Mr. Chairman, thank you for the floor. We are pleased to see you leading our work today and during the coming week, and pledge our assistance as you work to help make this Crime Commission a productive one. We would also like to in with the Chair in offering our condolences to the government and people of Japan following the devastating earthquake and tsunami that took place recently.
It has been 20 years now since Member States agreed to create the Commission on Crime Prevention and Criminal Justice. In 1991, Member States knew that more needed to be done to reduce the disastrous effects of transnational crime on our citizens, economies and security. The UN General Assembly at that time recognized that crime poses “a threat to stability and to a safe environment.” Among other things, the General Assembly anticipated twenty years ago that this Commission would provide a forum for “inter-State cooperation and coordination to respond to the serious new forms and transnational aspects and dimensions of crime.”
As prescient as we were back in 1991, we could never have imagined how transnational crime – particularly transnational organized crime – would evolve. Twenty years ago, the United States was enjoying a string of success against American mafia families, finding new ways to penetrate and dismantle these hierarchical organizations.

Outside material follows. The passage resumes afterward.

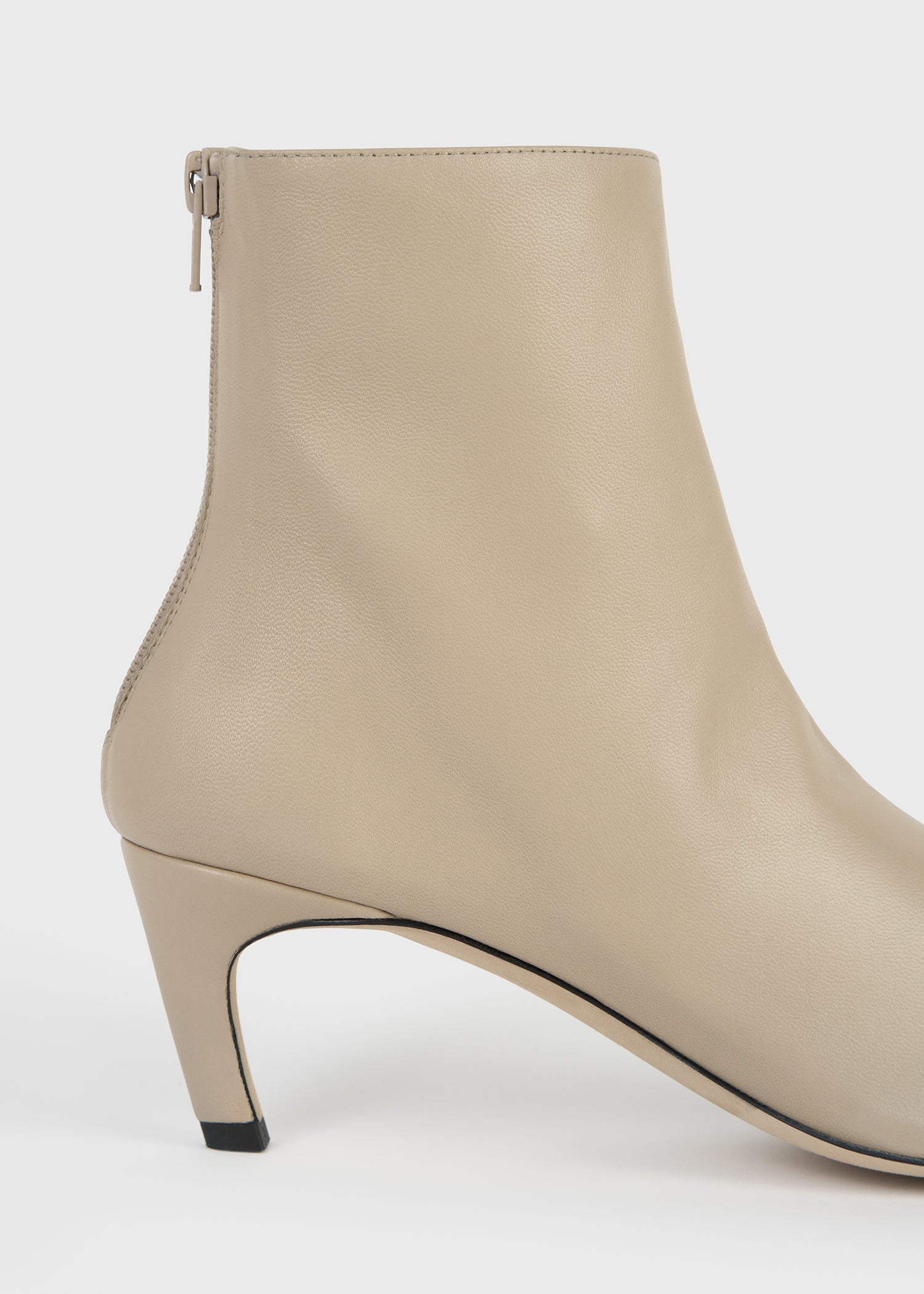 Soft nappa ankle boots chai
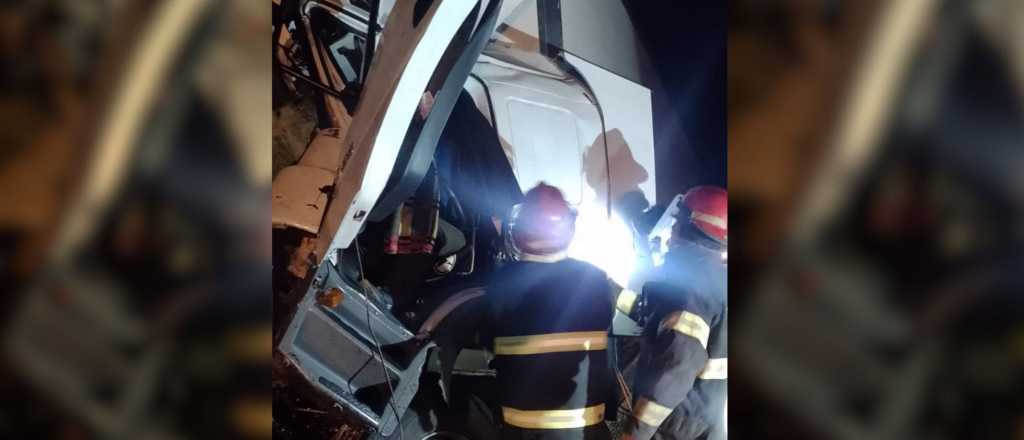 Choque de dos camiones en Desaguadero: un chofer tuvo que ser rescatado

However, what we could not appreciate during that time was the impressive adaptability of criminal organizations. Despite our past successes, criminals have an impressive ability to react and reconstitute in ways that allow them to continue their profitable activities and avoid detection. Today, most criminal organizations bear no resemblance to the hierarchical organized crime family groups of the 1980’s. Today’s criminal groups consist of loose and informal networks that often converge only when it is convenient. These networks are not always permanent, and individuals involved in these networks often have no idea about the larger structure and cooperation of various links in the chain. These networks benefit tremendously from instant global communication, and interact in an environment that knows no borders. The subject of the thematic debate for this Commission is a good, but not the only, example of criminal networks that have exploded over the past 20 years.
We discussed at last year’s Crime Congress the growing convergence of these criminal networks and how we are finding that the tentacles of such networks are stretching out to embrace multiple types of criminal activity. Gone are the days when one crime family focused its attention on one or two types of criminal activities. Criminal groups now go where they can make a profit. Groups that specialize in trafficking human persons, for example, are also using all or parts of their networks to help move drugs, counterfeit goods and even proceeds of crime.
Mr. Chairman, as anticipated by Member States when they created this Commission two decades ago, we must use this forum not only to develop strategies for how to address individual types of crime, but also to keep informed of the larger picture. The global priorities for criminals should be the global priorities for this Commission - and for Member State cooperation.
Mr. Chairman, as we commemorate the 20th anniversary of the Commission, our hope is that Member States, with the assistance of UNODC, spend more time on the bigger picture of transnational crime. Member States have discussed this in the context of our efforts to improve UNODC’s crime data collection and analysis capabilities. Last year’s UNODC report entitled “Transnational Organized Crime Threat Assessment,” while not without its controversy, represented a useful step in this direction. By gathering, exchanging and reporting information on problems and best practices, we can paint an evidence-based picture that will help us identify shared global priorities and potential tools for countering transnational crime.
The work of UNODC can help us in gaining a more complete perspective on the evolving threats of transnational organized crime. The United States will be introducing a resolution that calls greater attention to the way that transnational crime has evolved as an international threat in recent years, and promote information exchanges to give us a more complete view of the bigger picture. By doing this, we may find new paths for this Commission that we could never have imagined twenty years – or even a decade -- ago.
Thank you for the opportunity to speak, and we look forward to a productive week.